Archive for August 6th, 2012
The always entertaining Jamaican Usain Bolt once again remanded the World that his is still the fastest man in the planet. Let it there be no doubt about it, the fastest sprinter in the world knew exactly when and how to delivered and with a blazing fast 9.63 in the 100-meter dash, Bolt proved that even if not on his fastest day ever, he is still the very best sprinter. With every long stride, the Jamaican athlete kept on pulling away from the rest of the pack, and he managed to cross the finish line waging his right index finger. He wanted all of those critics and detractors who had thought for a moment that Bolt was out of shape to be clear on this one thing: Bolt is as fast as you can get them.
Now, if you want to talk about recovery and about getting things tuned up at the right moment, well, this is certainly the paradigm of precision. Consider for a moment that by the 50-meter mark, Bolt was running sixth out of the 8 starters. He didn’t panic, there wasn’t enough time for that. All he did was open up the throttle a bit and let it all out. He was facing a field of top caliber athletes in the marquee race of the 2012 London Summer Olympics track and field. And by winning he joined the all-star legend Carl Lewis as the only other athlete to win two consecutive gold medals in the 100-meter dash.
Bolt was ecstatic about the win. He knew how much this one meant to him and how important it was for him to prove the world that he was just as fast as the rest, and then some. In a game filled with the speculation and the success of the swimmers, particularly the record breaking Micheal Phelps, Usain Bolt needed this one for himself and for the sake of track and field. “Means a lot, because a lot of people were doubting me. A lot of people were saying I wasn’t going to win, I didn’t look good. There was a lot of talk,” Bolt said in the press conference, with the gold medal around his neck. “It’s an even greater feeling to come out here and defend my title and show the world I’m still No. 1, I’m still the best.”

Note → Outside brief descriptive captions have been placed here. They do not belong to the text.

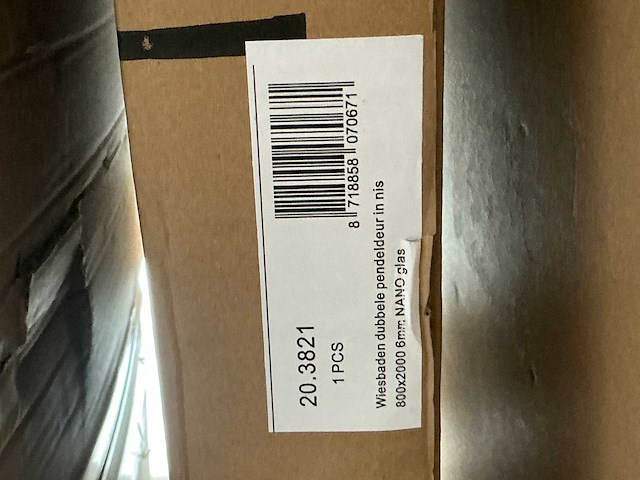 Wiesbaden 20.3821 dubbele pendeldeur in nis - afbeelding 2 van  2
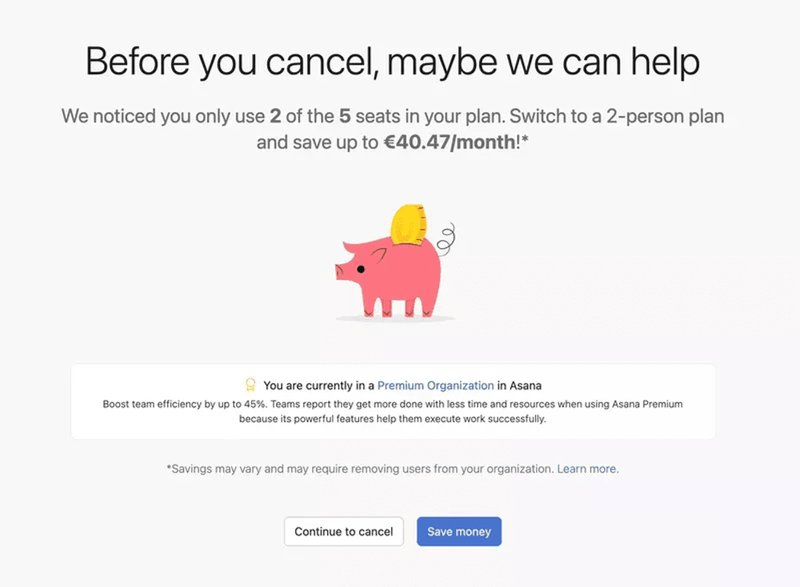 Screenshot of Asana interface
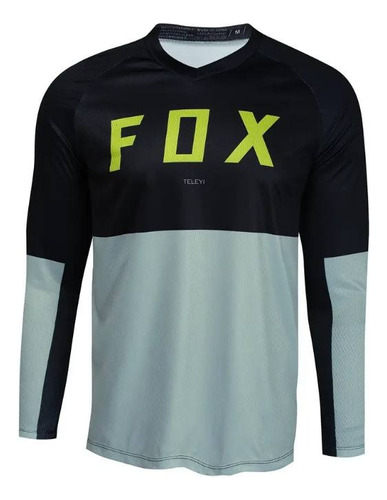 Jersey Fox Teleyi -green Motocross Mtb Enduro Atv Rzr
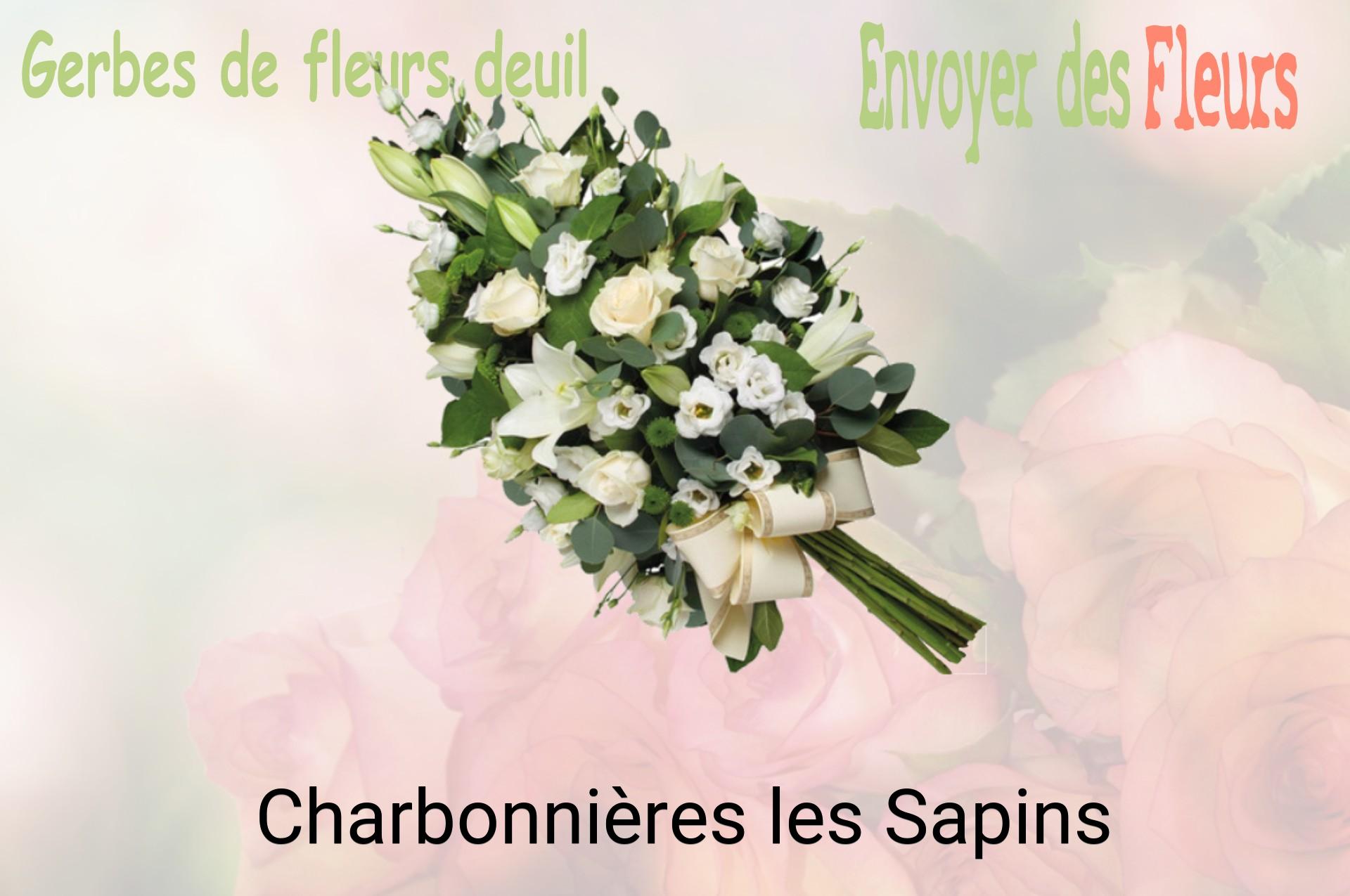 Gerbe de fleurs de deuil livrée à Charbonnières-les-Sapins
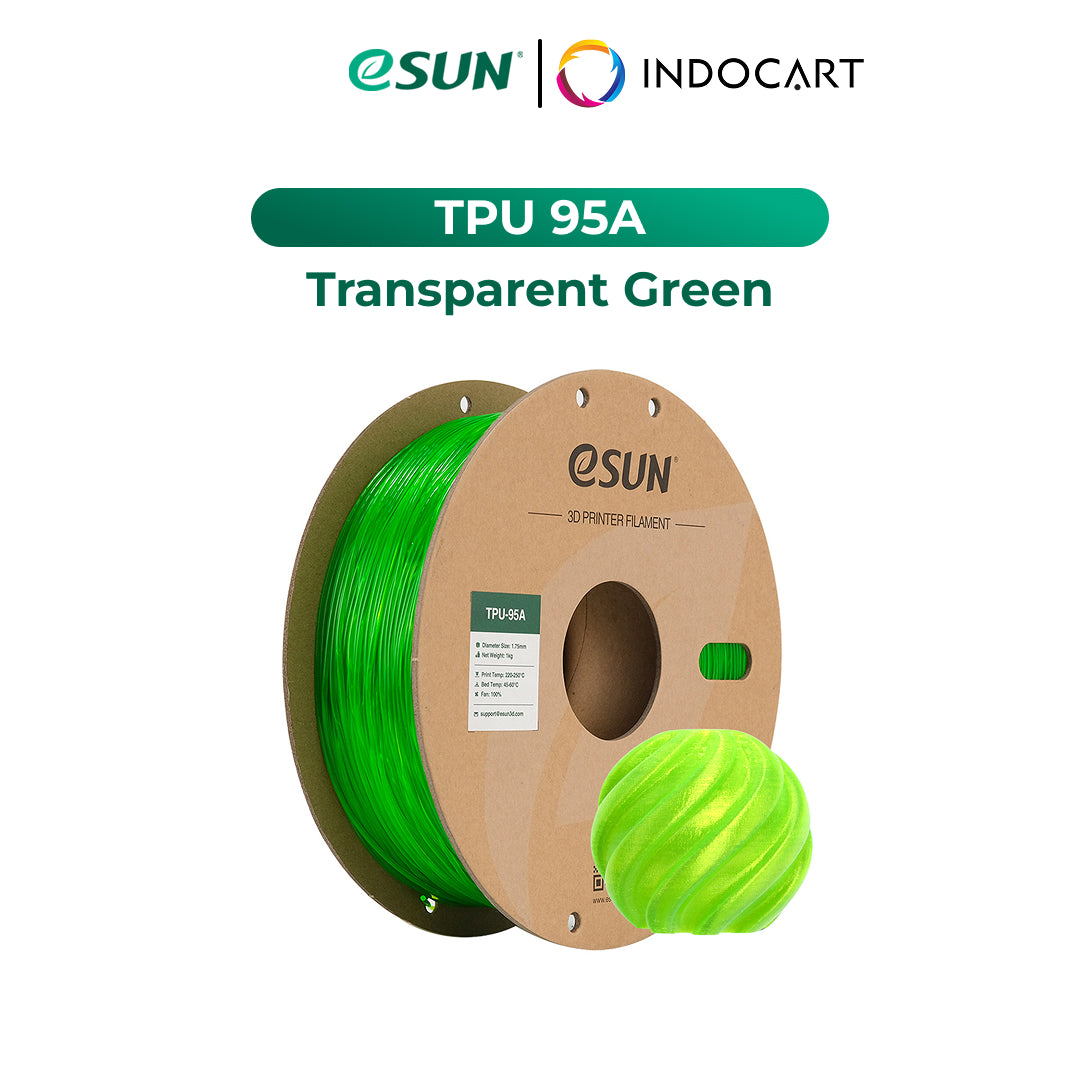 3D Printer Filament eSUN Elastic TPU-95A Complex and Accurate Elastomer Parts 1.75mm 1Kg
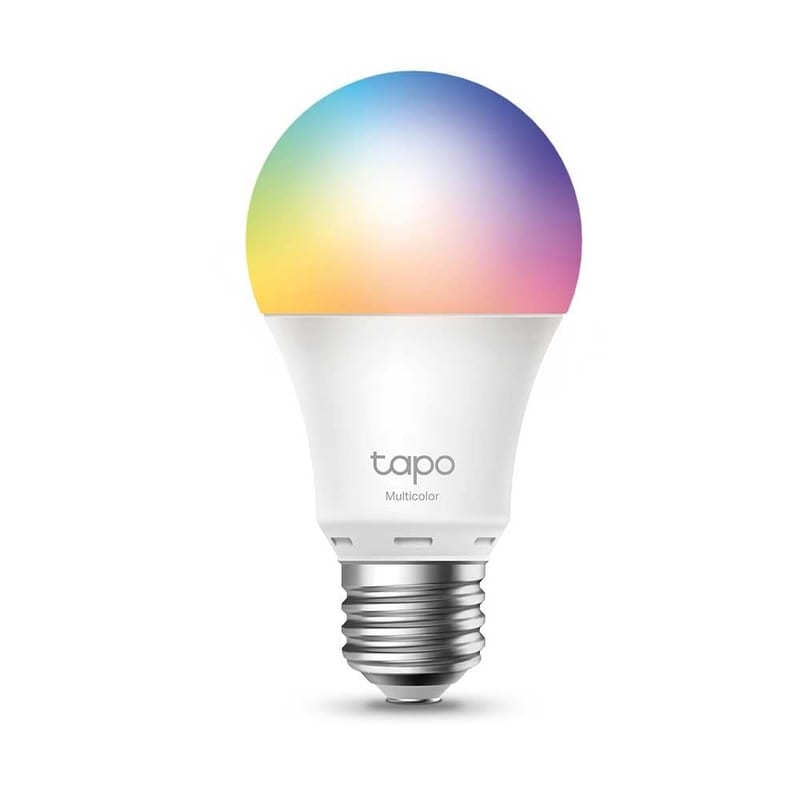 TP-Link Tapo Smart WiFi LED Multicolour Light Bulb, E27, 806 Lumens, Compatible with Alexa and Google Home, No Hub Required (Tapo L530E)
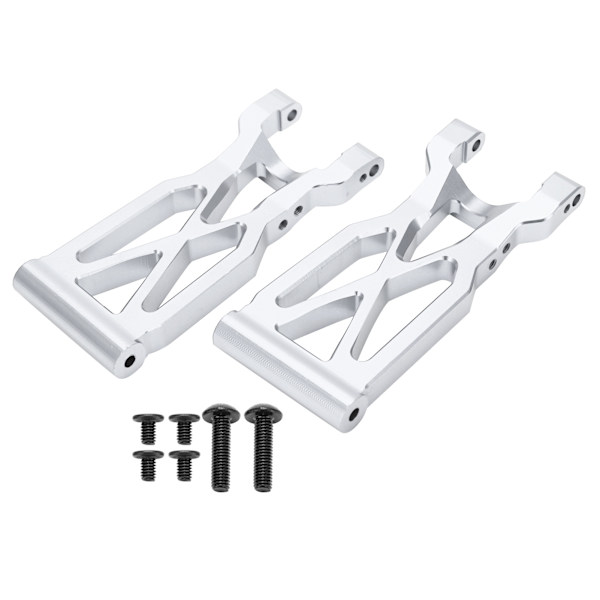 RC Bakre Fjæringsarm i Aluminiumlegering Bakre Svingarm Oppgraderingsdeler Tilbehør for Wltoys 104001 1/10 RC BilSølv
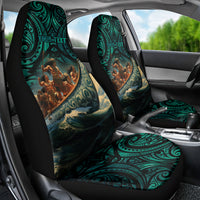 Personalised New Zealand Tamaki Herenga Waka Festival Car Seat Cover Maori Pattern LT05 - Polynesian Pride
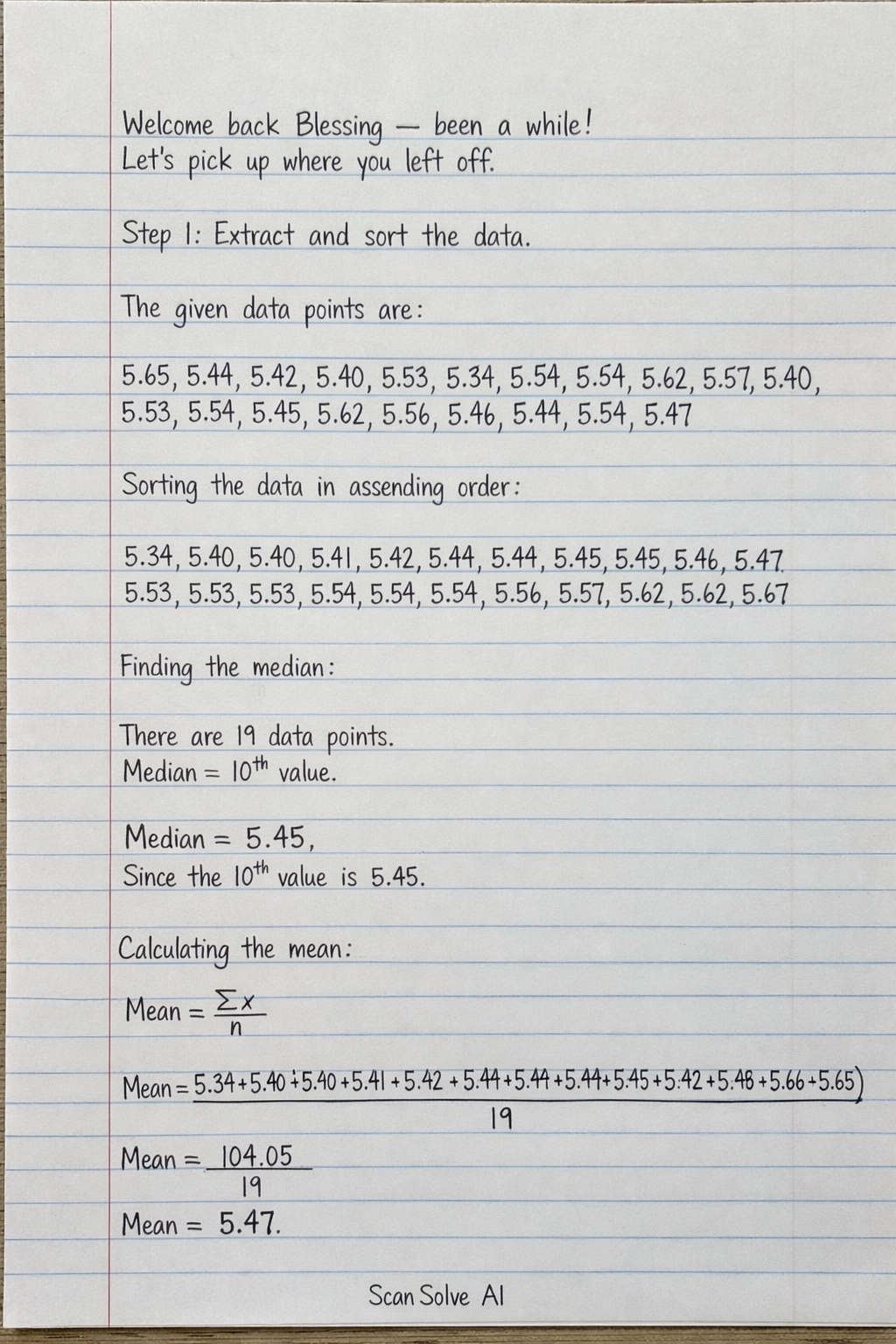 Handwritten step-by-step solution preview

He kept on going for a victory lap. Running around with the Jamaican flag in his shoulders the popular sprinter kept on saluting first row fans, multiple high fives and even a small stop to kiss the track. The crowd in the stadiums were chanting his name and even a funky celebration with his fellow countryman and training partner and current world champion Yohan Blake, who won the silver medal. Blake came in second at 9.75 while the USA runner and 2004 Olympic Gold winner Justin Gatlin took in third at 9.79 for the bronze medal. Bolt had suffered a couple of minor injuries that had kept him from been the record-breaking gold medal winning machine that took Beijing by it’s feet. But after four years, he still proved he’s still got the Bolt and he’s got the thunder.